If I ignore the birds in the first image, then I’d say it’s the stronger image. But if I crop out the top of the sky on the second image, it’s also stronger... so I guess it’s a wash.

I may not be a pro, but I feel the need to remind y’all that sometimes less is more.

Either way, looks like you’re having fun, so don’t let our Negative Nellie attitudes ruin that.

Hmm I'd like to vote 2 because on number 1 it feels like it's Patrick with his bad habit of cloning birds in photos. On both images the water could be better. The exposure is too long, you lose the definition and movement in the water, a slightly shorter exposure would be better. Wave photography is very hard though, it takes dozens of shots and sometimes hours to capture the perfect one. On the other hand on 2, the stars are just too much, so is the long exposure on the clouds. They're not necessary. So in the end I didn't vote, to me both are at the same level. I'd like to see you try a challenge where you don't composite anything in. Just pure composition, but with the rights to revisit a location again and again for say a week. It probably wasn't possible for this video, but maybe next time. From the other comments, I feel like it's what people don't like either : the star trails, the cloned birds etc...

I'm kind of disappointed that both images appear to be composites.

The first one is for sure. There's too much motion in the majority of the scene for the birds to be so static.

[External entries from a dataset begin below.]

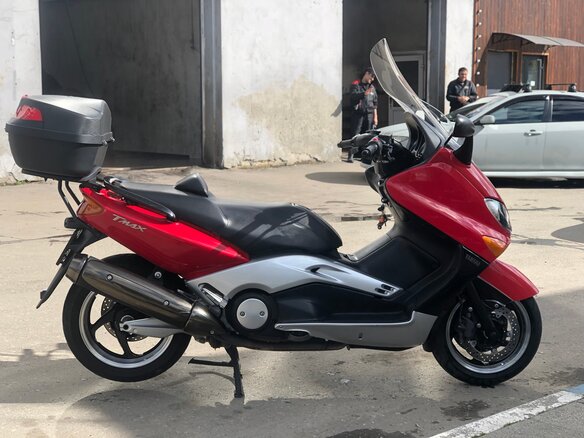 2009 Yamaha TMAX, красный, 395000 рублей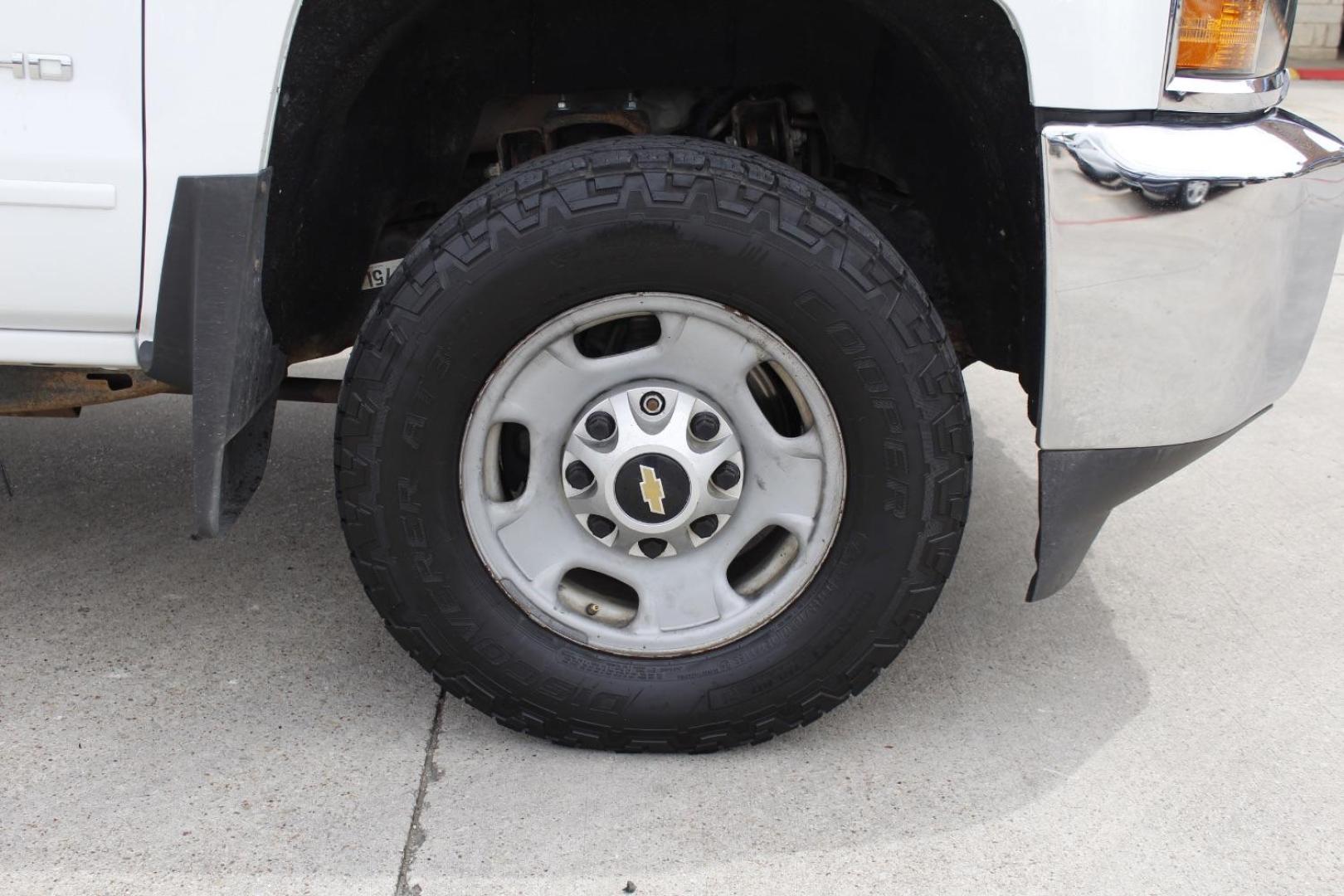 2018 White Chevrolet Silverado 2500HD LT (1GC2KVEG4JZ) , located at 2401 E Main St., Grand Prairie, TX, 75050, (972) 262-4440, 32.748981, -96.969643 - Photo#9
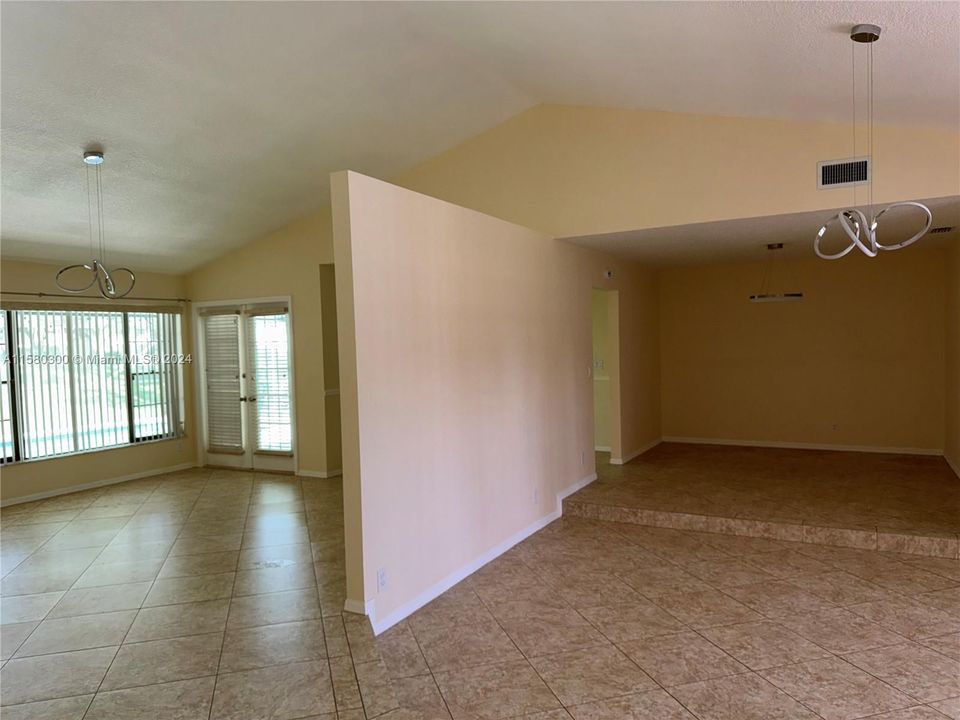 Active With Contract: $4,000 (3 beds, 2 baths, 1913 Square Feet)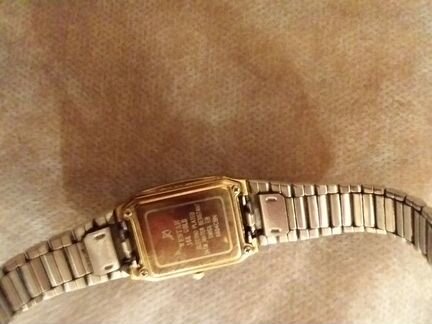 Женские часы westar на металлическом браслете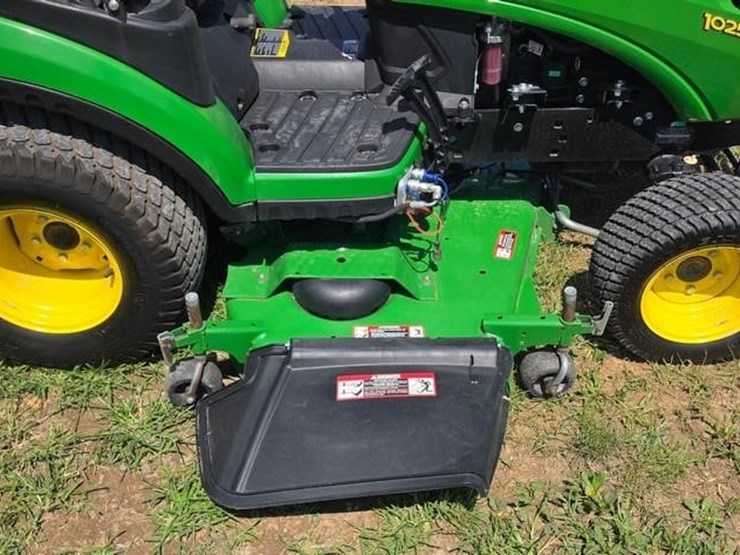john-deere-1025r-image-8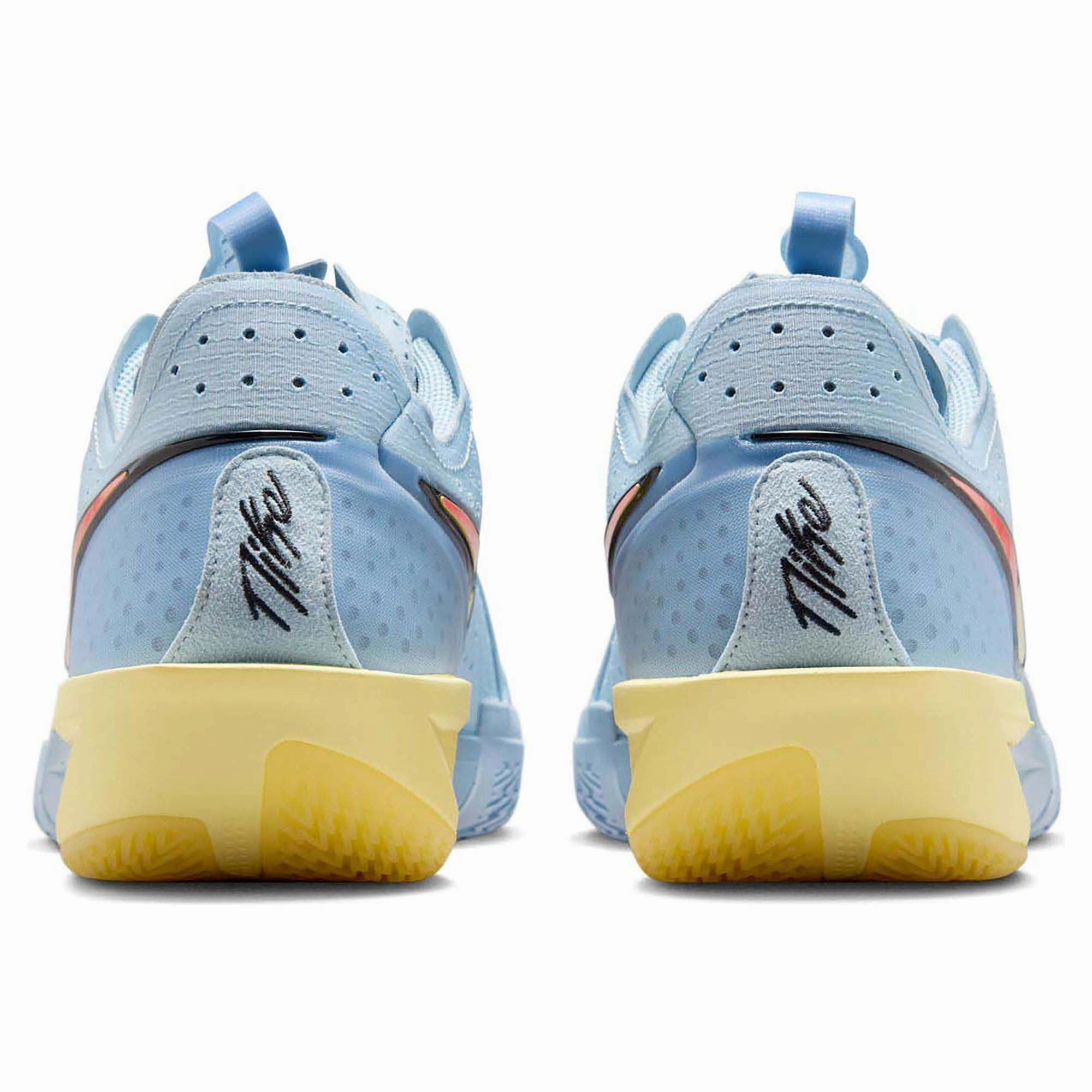 Self Tightening Basketball Shoes G.T. Cut 3 Basketball Shoes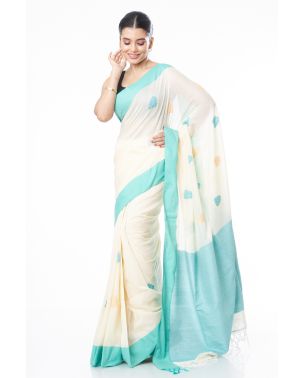 SOFT PURE HANDLOOM OFF WHITE BODY ALL OVER CONTRAST BUTI, CONTRAST GREEN PALLU & BORDER, MATCHING BLOUSE PIECE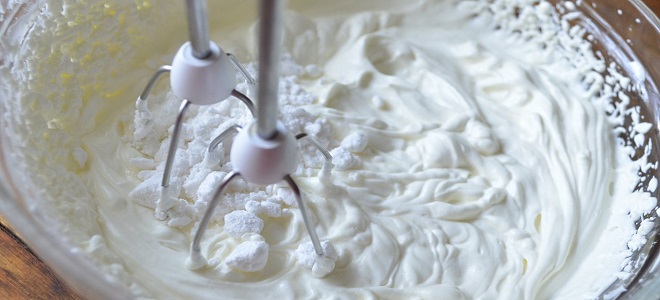 Krém z kysané smetany a kondenzovaného mléka na dort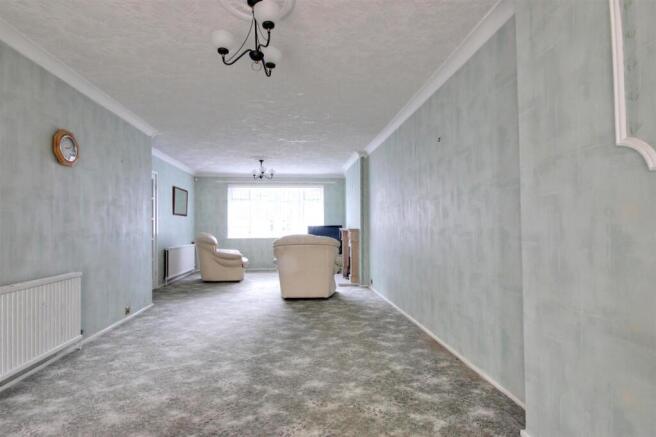 3 bed Semi-Detached for sale Image 4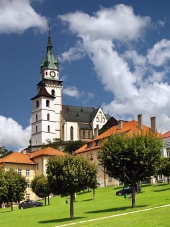 Κεντρική πλατεία, εκκλησία και το κάστρο στην Kremnica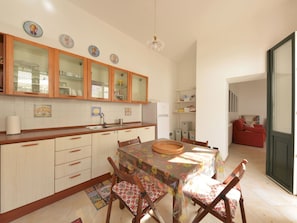 Dining - Beautiful private villa for 8 people with A/C, private pool, WIFI, TV, patio and pets allowed (Floridia)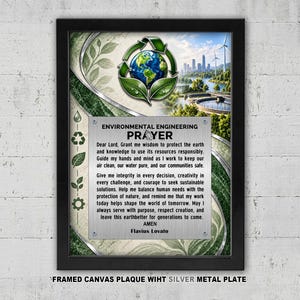 Pode incluir: Uma decoração de parede emoldurada com uma placa de metal prateada contendo o texto Environmental Engineering Prayer. O design inclui um globo com um símbolo de reciclagem, folhas verdes e uma paisagem com turbinas eólicas.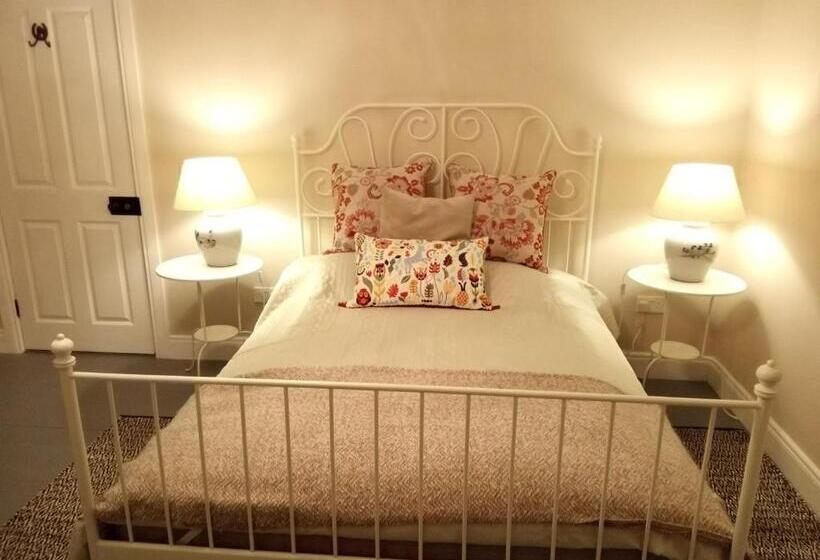 חדר דחוקס עם מיטת קינג, Heather House On The Wild Atlantic Way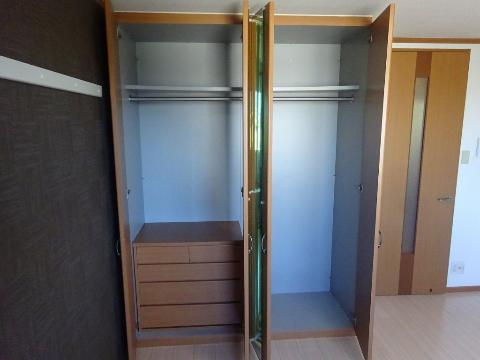 パルハイムⅡ　収納　クローゼット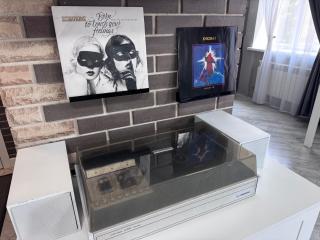 Ексклюзивні тематичні апартаменти " VINYL HOUSE" на центральному проспекті, програвач вінілу з платівками, великий Smart TV,преміум-підписки YouTube та онлайн-кінотеатрів , кавомашина, відкритий балкон, ЗВІТНІ ДОКУМЕНТИ - 7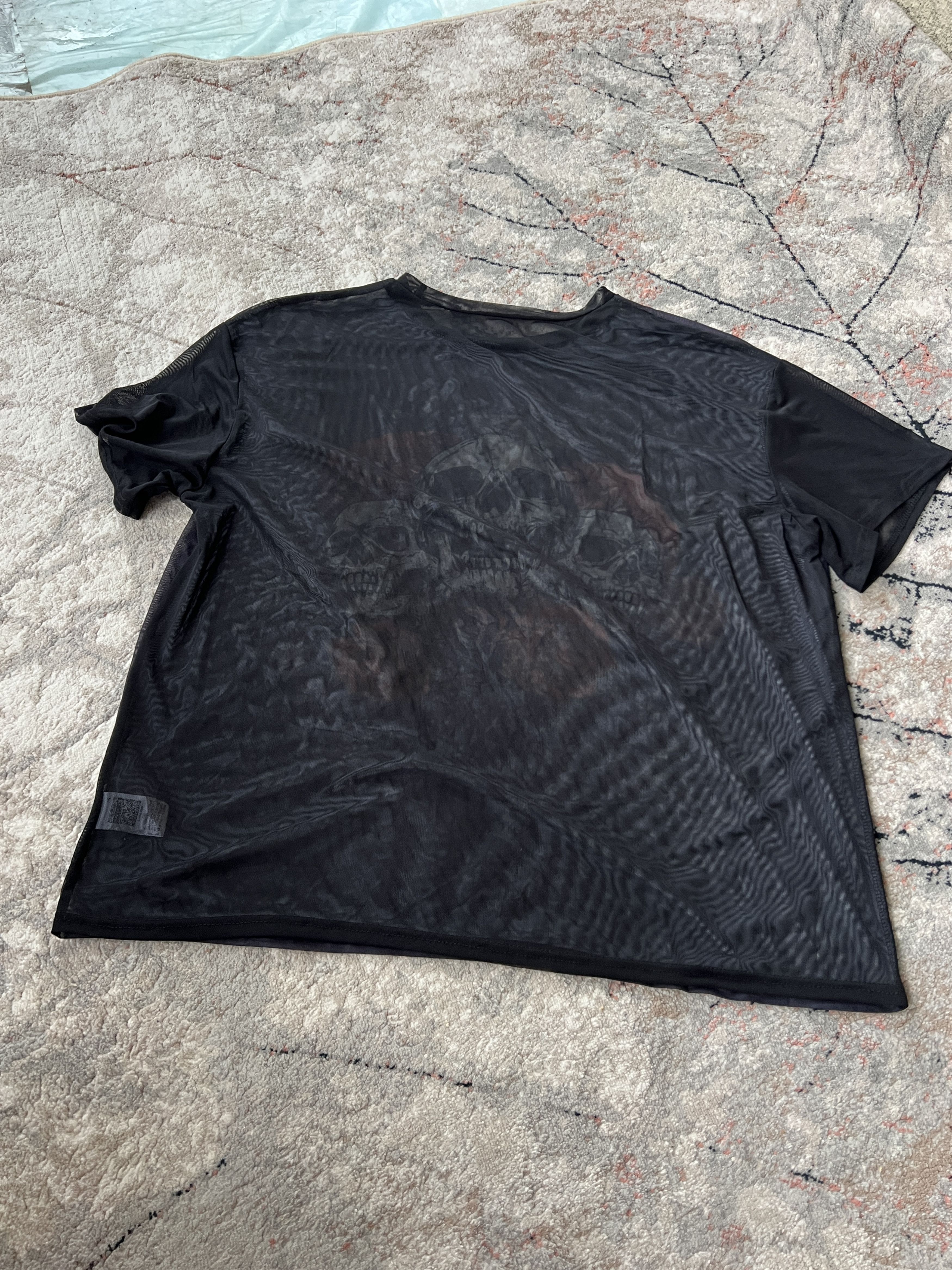 Other Romwe Skulls Tee Size US L / EU 52-54 / 3 - 5 Thumbnail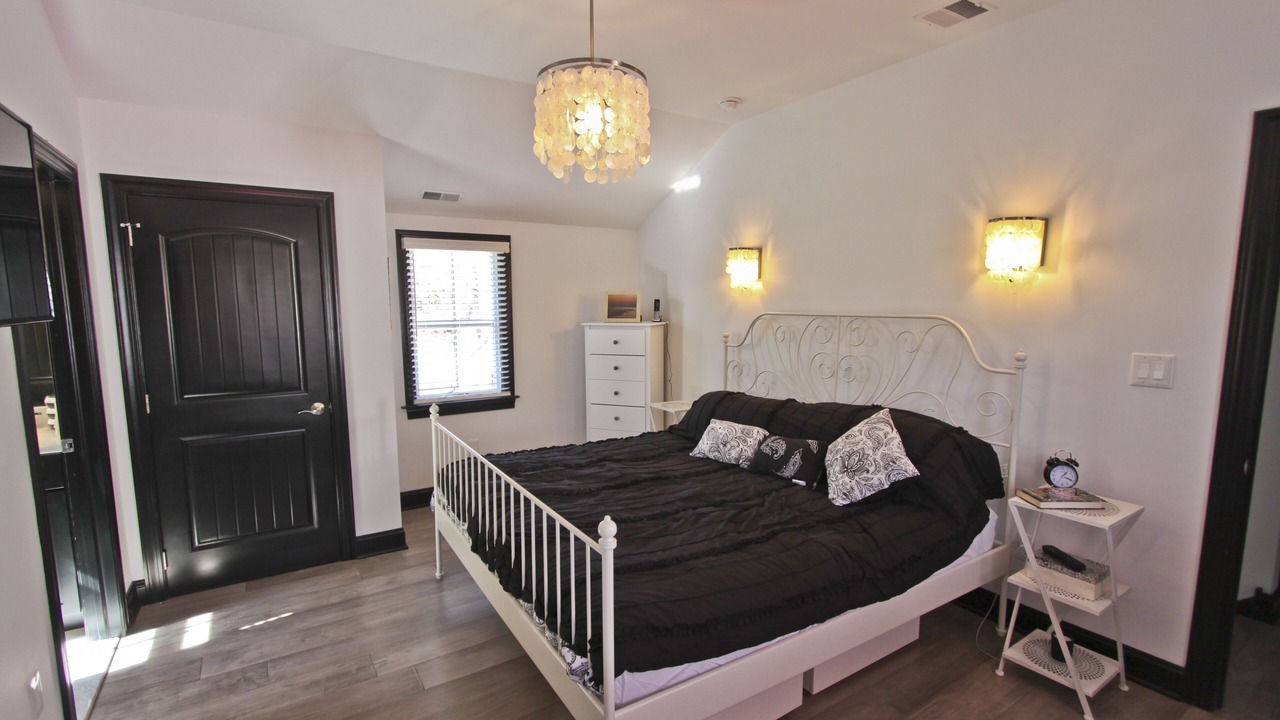 Photo of Bedroom in Village Green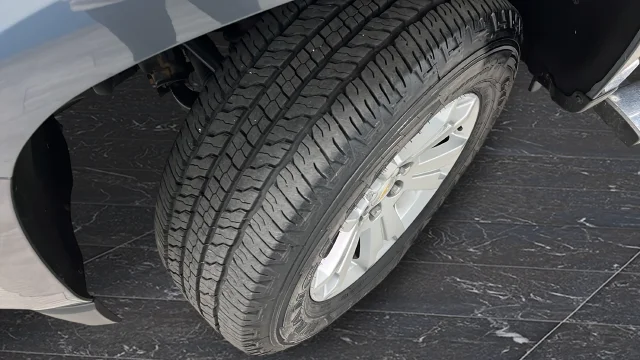 Used 2015 Cyber Gray Metallic Chevrolet LT image 31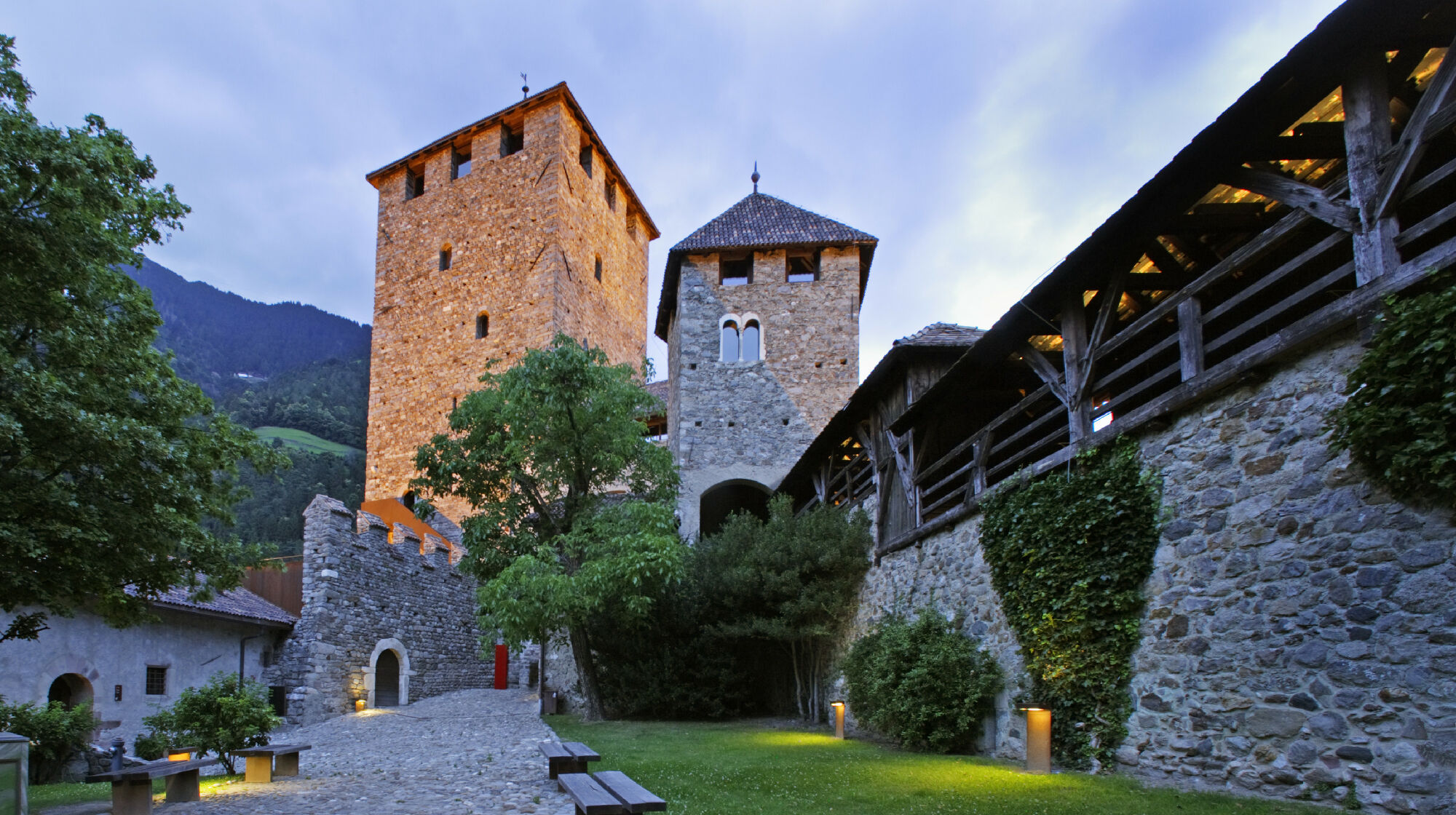 Schloss Tirol in der Abenddämmerung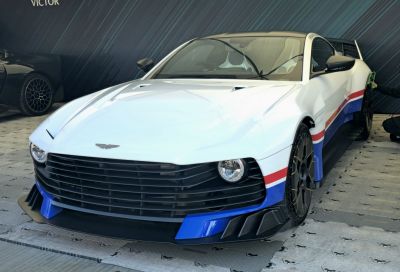 Aggressive front grille with sleek aerodynamic body and sporty design
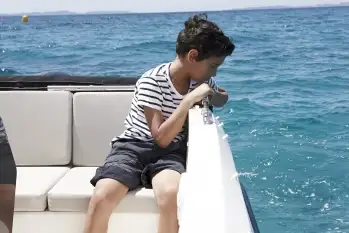 Łódź Quicksilver 445 - dostępna jeszcze przed sezonem 2021 - zdjęcie 3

Both are nice but #2 really captures my imagination. The star trails are unusual and remind me of a meteor shower. The colors are really lovely.

Image 1:

Why the birds? They look good there, give us a sensation of incoming storm, also the tree leafs are static but is a bit confusing to my eyes.
A well performed composite but, there is a grunge HDRish type of editing on there that make me uncomfortable.

Image 2:

Contrasty, and with an 80's look that could be used as a cover for a Miami Vice poster. Hell, I can even listen to Jan Hammer - Crockett's Theme while looking at it. The rocks look hazed, like the contrast was gone on the texture and by the cloud movement, the exposure don't seem longer than 20 seconds, in no way one could produce 20 minute like star trails.

Anyhow, I'll vote for number 1.

Haha you win just for mentioning Jan Hammer! There and Back by Jeff Beck!

Send me the raw files and I'll make them a solid 3* image.

I find this the hardest to pick because I actually don't like either imagine very much! I like the colours in 2, but I think overall 1 is a slightly, and I mean SLIGHTLY better image. This time around has been more like which one I dislike the least, rather than the one I like the most!